A perfect example of how a blog can be used as an emergency response to a natural disaster is The South-East Asia Earthquake and Tsunami (or SEA-EAT) blog, which features a post today on blogging for disaster relief (today has been proclaimed International Blogging for Disaster Relief Day) and – in a touch of bittersweet irony – Hurricane Katrina.

Other random online initiatives, resources and noteworthy responses on behalf of all the helpless, innocent victims on the Gulf Coast:

*An “Emergency Update” on Hurricane Katrina from Covenant House at 4 PM on Monday, the day of the storm, was the first appeal for financial assistance I took delivery of by email.

*The second request I received for an online donation was on Tuesday at 6:16 PM. It was from the American Red Cross, and the subject line read, “Situation Critical: Emergency Mobilization Underway.”
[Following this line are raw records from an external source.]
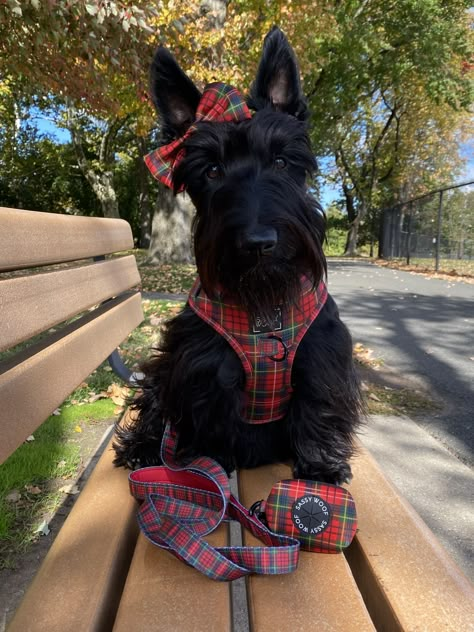 Scottish Dog, Black Terrier, Scottie Puppies, Pet Advertising, Scottish Terrier Puppy, Scottie Terrier, Super Cute Puppies, Scottie Dogs, Scottish Terriers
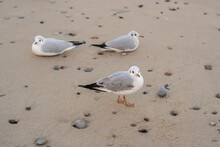 Seagulls Perching On Wet Sand At Beach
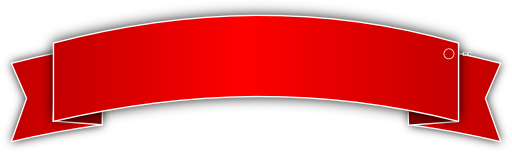 Cervejja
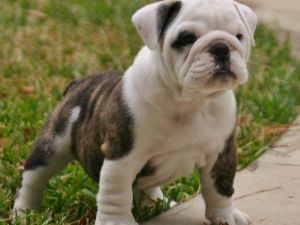 english bulldog puppies for Adoption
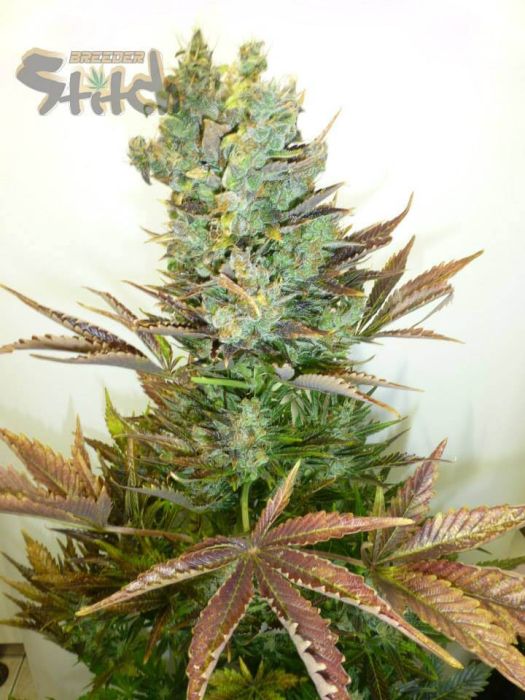 Stitch's Love Potion Autoflowering Feminised Seeds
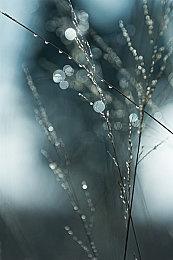 《UFO机器人古连泰沙：狼群盛宴》新实机视频展示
*Just before midnight on Tuesday arrived another Hurricane Katrina-related email, this one from Governor Howard Dean of The Democratic Party, asking me to help the disaster relief effort by donating to – again – the American Red Cross.

*On August 29, the folks at NPAdvisors.com announced that they have launched a blog, saying: “We decided that now is the time to start posting our thoughts about disaster fundraising so that all nonprofits can participate in the discussion.” Their blog can be found here.

*The September 1 edition of Denny Hatch’s Business Common Sense featured an interesting column on “Dealing with Katrina and 9/11.”

*Charity Folks, a leading online auction venue that provides technology-based solutions to nonprofit organizations, just opened bidding in an auction to benefit the victims of Katrina as well as thousands of other disasters that the American Red Cross responds to each year.

*Paul Chaney, President of the Radiant Marketing Group and a Mississippi resident, has been blogging all week about this catastrophic event.

*Nonprofit technology consultant Deborah Elizabeth Finn reports that her friend, Andy Carvin, of the Digital Divide Network, has created a Katrina Aftermath web site.

*Grassroots.org has declared that all online donations it receives during the month of September will go towards relief for the victims of Hurricane Katrina.

*According to today’s edition of DIRECT Newsline, The Marketing Research Association (MRA) has launched a Researcher-to-Researcher Relief Assistance Blog “to aid any marketing and research professionals that have been affected by Hurricane Katrina.”

*And, finally, via B.L. Ochman’s What’s Next Blog, Best Friends Animal Sanctuary “has set up online information and resources about animal rescue groups efforts in the aftermath of Katrina.”